A number is perfect 2^{p-1}(2^p-). If a number n is a mersenne prime. A Mersenne prime is n=2^{p}-1. Note not all primes give a mersenne prime. At present we only know 49 mersenne primes (Jan 10,2017) and so we only know 49 perfect numbers.
The lemma he introduces without proof are \sigma(ab)=\sigma(a)\sigma(b)
And if the numbers are \sigma(p^n)=1+p+p^2+\cdots+p^n=\frac{p^{n+1}-1}{p-1}. Thus the number \sigma(2^{p-1}(2^p-1))=\sigma(2^{p-1}\sigma(2^p-1))
Now \sigma(2^{p-1}) = 1+2+2^2+\cdots+2^{p-1}=2^p-1 and \sigma(2^p-1) = 1+2^p-1=2^p. Hence \sigma{2^{p-1}(2^p-1)} = (2^p-1)2^p = 2\cdot 2^{p-1}(2^p-1)

Lecture 22
This is a fun lecture and it talks about. Triangle Number, Square Number and Fibonacci Numbers.
First the nth triangle number is given by \frac{n(n+1)}{2}
First few triangle numbers are \{1,3,6,10,15,21,28,36,45,55,\cdots\}
First few square numbers are \{1,4,9,25,36,49,64,\cdots \}
Easy visual proof is \text{Square Number} = t_n+t_{n-1}
We notice that 1,36 are both triangle numbers and perfect numbers.
Notice that 36 is the 8th Triangular number. There is a theorem that t_{8t_{n}} is a perfect square where t_{n} itself is a square number.
He also proves by induction that sum of first n^3= {t_n}^2.
The last thing he does in the lecture is to prove that there are only 5 Fibonacci numbers that are also triangular numbers.
Are there infinite number of triangle numbers that are Square Numbers ?

Lecture 21
This is a second lecture on Number theory. In this lecture he discusses the famous problems.
First is prime number theorem. So the answer is \pi(n) =\frac{n}{\ln(n)}

The 2nd is twin prime conjecture. That one can alway find two prime numbers that are alway just two numbers apart. He gives an example of 1,000,000,0000,061 and 1,000,000,0000,063 as two big twin primes. Nobody knows if there are infinite of these twin primes.

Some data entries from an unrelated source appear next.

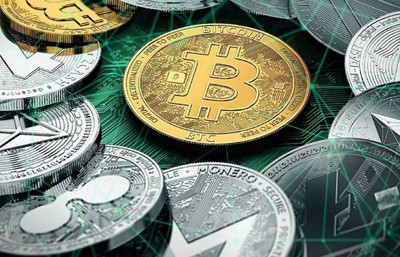 SPK’dan PancakeSwap ve CryptoRadar'a erişim engeli
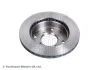 Диск тормозной передний Subaru, Suzuki (выр-во Blue Print) BLUE PRINT ADK84308 (фото 2)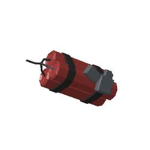 BeastGamerPro group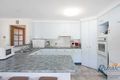 Property photo of 100 Gill Street Nundle NSW 2340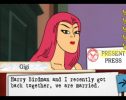 Harvey Birdman: Attorney at Law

The 3rd is Goldbach conjecture. Given an even integer it can alway be expressed as sum of two primes. He also recommends the book Uncle Pedro

The last is collatz conjecture and he warns not to use 27 also called as 3n+1 conjecture. Erdos said about this problem that mathematics is not yet ready to solve her problem.

He also mentions the perfect numbers. The perfect number are of the form whose proper divisors sum to that number and three such numbers are
6, 28, 496.

Lecture 20
This lecture is about number theory. He talks about Prime Numbers.
Mathematics is the queen of Sciences but number theory is queen of sciences. A positive integer is a prime if it has only two divisors 1 and itself. Its due to Eratosthenese. He later talks about the twin primes that is still unsolved.

Is there a pattern among primes.
Sieve of Eratosthenes and you have to do it for n \le n. Cross out all the multiples till \le \sqrt{n}. Everything that is remaining are the prime numbers. Note this works for any finite set of numbers.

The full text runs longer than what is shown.